A diagnostic testing algorithm was proposed by Dr. David Brandhagen in 1999 which has become the standard of practice. This algorithm starts with a clinical suspicion of hemochromatosis which is followed by a transferrin iron saturation evaluation. If total iron binding capacity is less than 45%, the patient should not be considered for further workup of hereditary hemochromatosis. If TIBC is elevated, repeat transferrin and ferritin evaluation should be performed. If these are both elevated, causes of secondary iron overload such as viral hepatitis should be considered. However, if no secondary cause is identified, then evaluation for the HFE gene is indicated. If HFE gene testing is positive, the patient has hereditary hemochromatosis, and phlebotomy treatment should be started. However, in approximately 20% of patients with hereditary hemochromatosis, the HFE gene test will be negative. In that case, liver biopsy, histology, and hepatic iron concentration should be performed. If these findings are consistent with hemochromatosis, phlebotomy is indicated.
Gross examination of the liver from a patient with hereditary hemochromatosis reveals significant enlargement with mahogany color. This indicates significant iron content.
In hemochromatosis, the H&E stain will show significant cirrhosis, interstitial fibrosis, and regenerative nodules. Tissue staining with Prussian Blue will show iron localized in the bile ductuals.
Assuming serum testing and genetic testing have been completed and results are ambiguous, then liver tissue evaluation is indicated. The liver iron test is available. The hepatic iron index is considered diagnostic for hemochromatosis. A hepatic iron index < 1 µmol/year rules out hemochromatosis. A value > 2 µmol/year is diagnostic for hemochromatosis. Surgical pathology consult is also available for tissue histology.

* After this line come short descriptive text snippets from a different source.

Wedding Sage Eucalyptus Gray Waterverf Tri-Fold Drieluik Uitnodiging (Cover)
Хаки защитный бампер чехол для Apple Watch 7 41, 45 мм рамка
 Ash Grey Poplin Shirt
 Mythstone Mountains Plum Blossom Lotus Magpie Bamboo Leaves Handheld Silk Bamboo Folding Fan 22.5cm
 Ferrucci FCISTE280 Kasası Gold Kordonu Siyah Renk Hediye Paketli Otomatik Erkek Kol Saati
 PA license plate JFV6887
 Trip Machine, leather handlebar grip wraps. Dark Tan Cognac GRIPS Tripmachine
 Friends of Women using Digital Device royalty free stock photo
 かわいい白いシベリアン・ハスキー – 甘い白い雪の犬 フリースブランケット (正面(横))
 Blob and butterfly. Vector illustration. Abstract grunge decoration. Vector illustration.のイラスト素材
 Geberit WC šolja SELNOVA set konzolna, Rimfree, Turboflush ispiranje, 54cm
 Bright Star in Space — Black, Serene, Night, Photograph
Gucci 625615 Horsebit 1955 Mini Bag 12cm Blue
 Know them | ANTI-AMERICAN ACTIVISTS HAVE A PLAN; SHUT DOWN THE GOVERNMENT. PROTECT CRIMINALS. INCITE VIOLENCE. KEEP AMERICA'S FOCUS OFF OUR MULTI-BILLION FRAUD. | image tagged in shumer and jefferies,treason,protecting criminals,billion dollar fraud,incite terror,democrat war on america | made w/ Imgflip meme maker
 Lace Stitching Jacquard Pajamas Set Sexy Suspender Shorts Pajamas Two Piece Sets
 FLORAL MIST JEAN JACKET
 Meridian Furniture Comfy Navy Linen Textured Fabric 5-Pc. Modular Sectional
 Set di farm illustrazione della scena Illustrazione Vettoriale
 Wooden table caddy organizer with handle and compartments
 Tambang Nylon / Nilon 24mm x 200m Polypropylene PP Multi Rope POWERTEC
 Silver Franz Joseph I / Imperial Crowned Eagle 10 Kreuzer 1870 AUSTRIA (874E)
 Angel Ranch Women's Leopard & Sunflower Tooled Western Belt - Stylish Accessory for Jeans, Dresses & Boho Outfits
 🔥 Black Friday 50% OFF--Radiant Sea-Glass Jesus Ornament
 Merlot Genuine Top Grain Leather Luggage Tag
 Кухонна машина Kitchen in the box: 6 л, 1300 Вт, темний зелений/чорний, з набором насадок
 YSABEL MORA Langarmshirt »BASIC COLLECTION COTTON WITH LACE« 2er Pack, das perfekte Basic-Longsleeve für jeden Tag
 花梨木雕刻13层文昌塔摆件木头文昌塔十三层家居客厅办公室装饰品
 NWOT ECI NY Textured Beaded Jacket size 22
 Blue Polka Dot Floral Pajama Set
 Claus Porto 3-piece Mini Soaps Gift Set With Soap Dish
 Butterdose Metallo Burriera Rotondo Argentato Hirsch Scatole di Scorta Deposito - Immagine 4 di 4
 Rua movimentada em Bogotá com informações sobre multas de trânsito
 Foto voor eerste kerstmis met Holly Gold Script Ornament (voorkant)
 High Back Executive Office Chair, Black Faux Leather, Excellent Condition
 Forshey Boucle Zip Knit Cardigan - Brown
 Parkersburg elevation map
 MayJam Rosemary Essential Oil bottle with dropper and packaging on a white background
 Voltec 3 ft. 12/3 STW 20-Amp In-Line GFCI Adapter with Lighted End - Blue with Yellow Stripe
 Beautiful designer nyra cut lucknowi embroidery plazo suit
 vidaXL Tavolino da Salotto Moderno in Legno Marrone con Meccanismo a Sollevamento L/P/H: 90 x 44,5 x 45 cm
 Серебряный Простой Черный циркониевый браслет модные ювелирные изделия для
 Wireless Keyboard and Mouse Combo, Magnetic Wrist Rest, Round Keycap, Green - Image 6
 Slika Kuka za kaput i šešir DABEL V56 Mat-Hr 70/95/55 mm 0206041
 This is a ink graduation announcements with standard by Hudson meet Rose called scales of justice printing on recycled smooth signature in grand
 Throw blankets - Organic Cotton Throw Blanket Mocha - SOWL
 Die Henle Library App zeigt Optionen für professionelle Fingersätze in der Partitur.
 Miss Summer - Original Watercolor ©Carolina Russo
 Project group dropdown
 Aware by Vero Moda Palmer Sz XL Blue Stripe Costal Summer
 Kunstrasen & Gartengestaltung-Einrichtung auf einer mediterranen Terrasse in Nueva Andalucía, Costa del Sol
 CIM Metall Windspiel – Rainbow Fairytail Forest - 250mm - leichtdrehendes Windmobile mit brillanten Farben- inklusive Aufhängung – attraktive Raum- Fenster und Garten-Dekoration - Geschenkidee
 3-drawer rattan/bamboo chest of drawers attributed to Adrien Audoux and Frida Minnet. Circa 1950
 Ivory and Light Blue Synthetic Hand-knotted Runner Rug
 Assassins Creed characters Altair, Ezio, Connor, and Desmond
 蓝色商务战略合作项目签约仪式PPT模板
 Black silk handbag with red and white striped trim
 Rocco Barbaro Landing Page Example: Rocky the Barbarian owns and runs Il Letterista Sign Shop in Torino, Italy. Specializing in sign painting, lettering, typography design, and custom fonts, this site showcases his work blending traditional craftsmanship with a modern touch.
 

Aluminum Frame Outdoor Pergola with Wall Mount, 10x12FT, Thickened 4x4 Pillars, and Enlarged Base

Treatment for hereditary hemochromatosis involves phlebotomy. This reduces the iron concentration of the plasma pool, it prevents long-term consequences of iron overload, and patients treated with phlebotomy can expect to lead a normal life.
In summary, hereditary hemochromatosis is a common disease. Early treatment can prevent the serious sequelae associated with this disease. Laboratory testing for iron overload can identify patients who should undergo genetic testing. Genetic testing can reduce the need for invasive liver testing.